Dovrebbe essere noto agli amministratori che una legge regionale, così come quelle statali, che comporta impegno di spesa, deve recare nel testo normativo l’oggetto della spesa stessa ed i capitoli correlati di bilancio da cui attingere i fondi. Dopo aver finanziato per tre annualità, 2015-2018, progetti di decoro urbano, buche stradali, rifacimento di marciapiedi ed eventi turistici (di cui il solo Comune di Terni deve ancora spendere 1,2 milioni circa appunto per decoro urbano, strade e marciapiedi, da rendicontare entro il 31/12/2019) il consiglio regionale ha deciso, per il triennio 2019/2021 di finanziare, con 4,8 milioni, l’impiantistica sportiva (3 milioni), i grandi eventi (821.000 euro) ed i nuovi progetti di decoro urbano (979.000 euro).
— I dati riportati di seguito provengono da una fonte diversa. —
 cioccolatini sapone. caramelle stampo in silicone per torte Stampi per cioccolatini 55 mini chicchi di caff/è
Giova anche ricordare altre due cose per porre fine a questo strumentale giochino:

1) ci sono assessori, consiglieri, forze politiche e politici, anche della Lega, che prendono dalla Regione lauti vitalizi (4.500 euro) ogni mese, che negli anni in cui hanno avuto l’onore di rappresentare Terni in consiglio regionale, non hanno mai presentato alcuna proposta simile a quella che la maggioranza di centrosinistra che governa la Regione è riuscita a far approvare;

2) la scelta di finanziare prioritariamente l’impianto di Piediluco, con 1 milione tra risorse regionali, Erg e Fondazione Carit, per dare alla città un impianto definitivo e di caratura internazionale, è stata condivisa con il sindaco e l’assessore competente sia dal punto di vista politico che tecnico, oltre che con la stessa Fondazione Carit e la FIC.
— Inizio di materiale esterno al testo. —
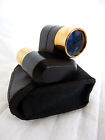 Prism High Monocular Prices Roof 8x21 Folding Ultra Compact Case Quality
Un’ultima annotazione mi sia consentita. È molto pericoloso insistere su un atteggiamento leghista di rivendicazione territoriale come quello utilizzato. Pensiamo a cosa accadrebbe se la Lega chiedesse a Perugia o altrove ciò che chiede strumentalmente a Terni. Pensate se le entrate della Regione, prodotte a Perugia, da alcuni settori, fossero spese solo a Perugia e lo stesso accadesse a Foligno o Città di Castello, ammesso che ciò fosse possibile.

Un po’ di serietà e correttezza dunque non sarebbe male: abbiamo fatto un bella conquista con una legge speciale di cui beneficiano i ternani in particolare, valorizziamola e teniamocela stretta. Il peggio è sempre dietro l’angolo. Terni docet.